On a network filled with dimwits and nitwits, Melissa Harris-Perry stands out.
She may not be the dumbest host on MSNBC — when you’re competing against Ed Schultz, that’s a tall task — but she has convincingly demonstrated that she is among the most consistently asinine. Below are five of the Duke PhD’s stupidest statements of 2013:
1.) She downplayed the role radical Islam played in the Boston Bombings: “I keep wondering — is it possible that there would ever be a discussion like, ‘Oh, this is because of Ben Affleck and the connection between Boston and movies about violence?’ And, of course, the answer is no. Of course no one will even think this is about those things. But at the same time there’s something — I appreciate the way that you framed that as the one drop. Like, because given that they’re Chechen, given that they are literally Caucasian — our very sense of connection to them is this framed-up notion of, like, Islam making them something that is non-normal.”
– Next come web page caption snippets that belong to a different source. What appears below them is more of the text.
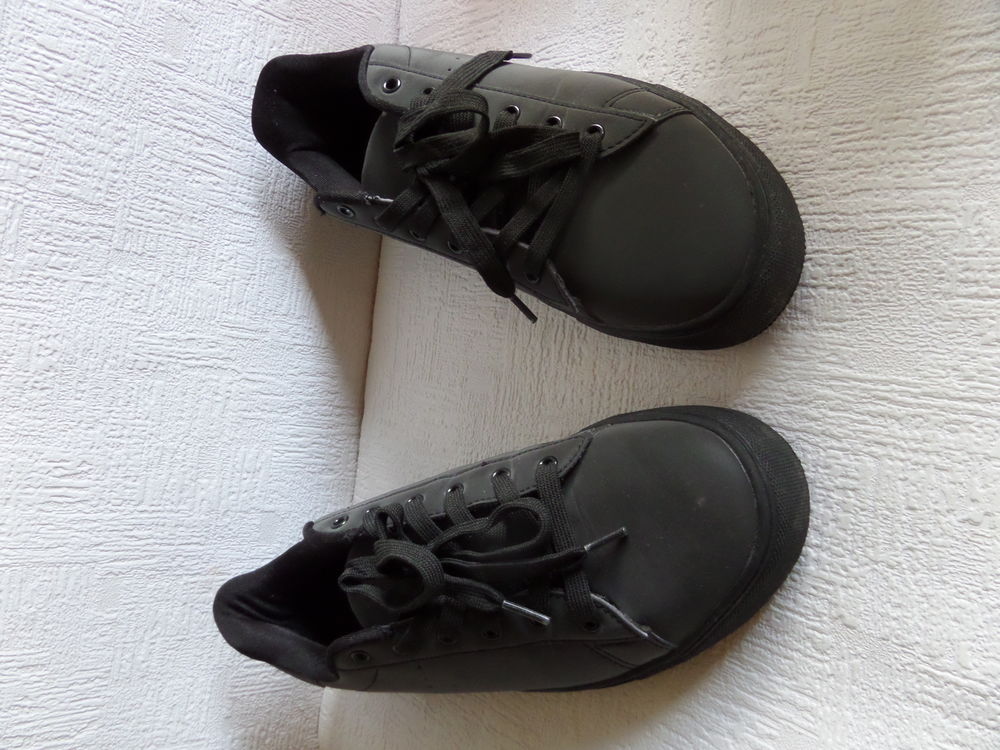 chaussures taille 41.5 
Chaussures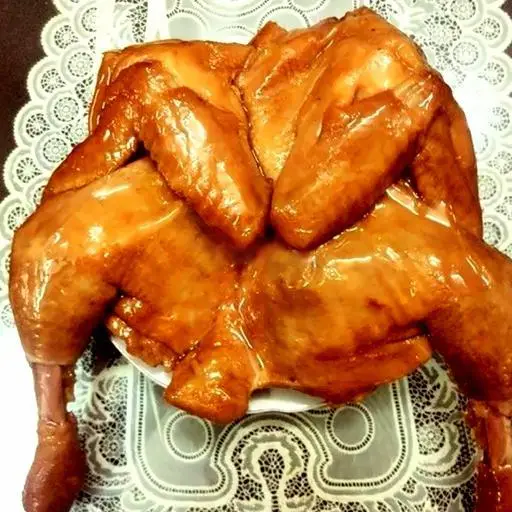 Hình ảnh Gà hun khói ăn nóng nguyên con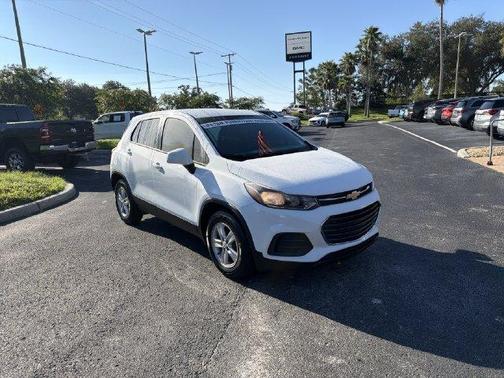 Summit White 2022 Chevrolet Trax LS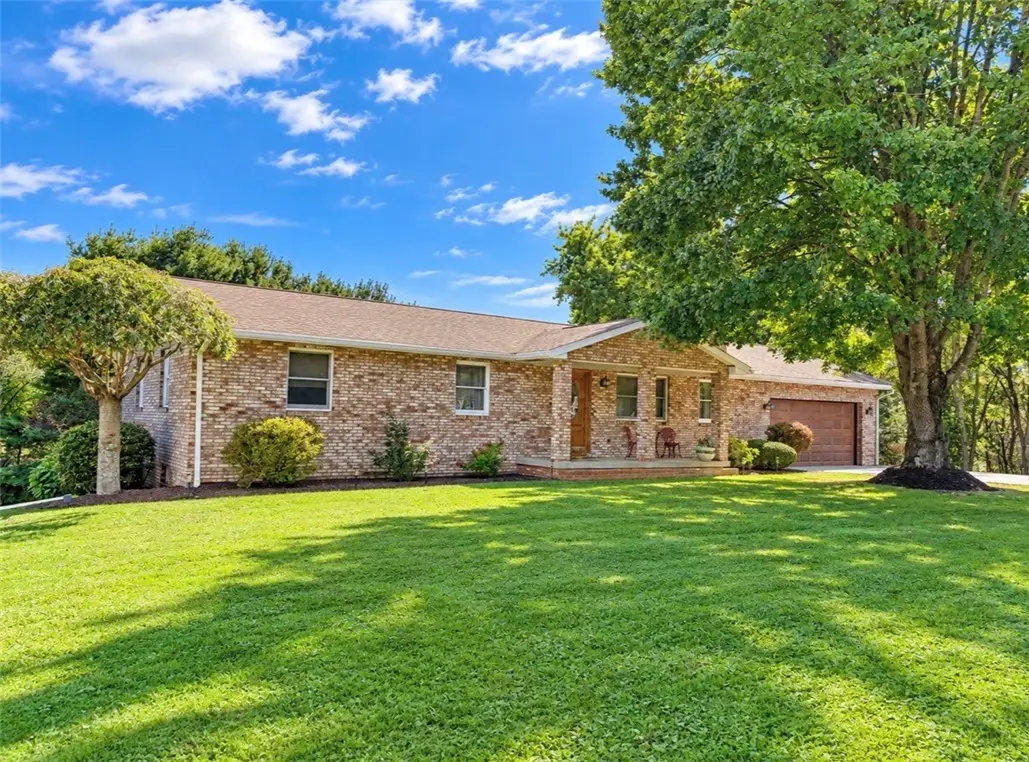 2924 Glenda Dr, New Castle, PA 16101 - #1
2.) She compared the term “Obamacare” to the “n-word”: “President Obama has been labeled with this word by his opponents, and at first he rose above it, hoping that if he could just make a cause for what he’d achieved, his opponents would fail in making their label stick. But no matter how many successes that he had as president, he realized there were still many people for whom he’d never be anything more than that one disparaging word — a belief he knew was held not just by his political opponents, but also by a significant portion of the American electorate.
3.) She told you that your kids aren’t solely your responsibility: “Part of it is, we have to break through our kind of private idea that kids belong to their parents, or kids belong to their families, and recognize that kids belong to whole communities.”
4.) She linked GITMO detainees to American slaves: “I also appreciate that the hunger strikers are not trying to die. They’re trying to generate autonomy in the context of something that strips their humanity — something we certainly know about from the experience of American slavery, and that the language of ‘before I be a slave, I’d be buried in my grave and go home to my Lord and be free’ — just that idea of creating human freedom within the context of horrible human conditions.”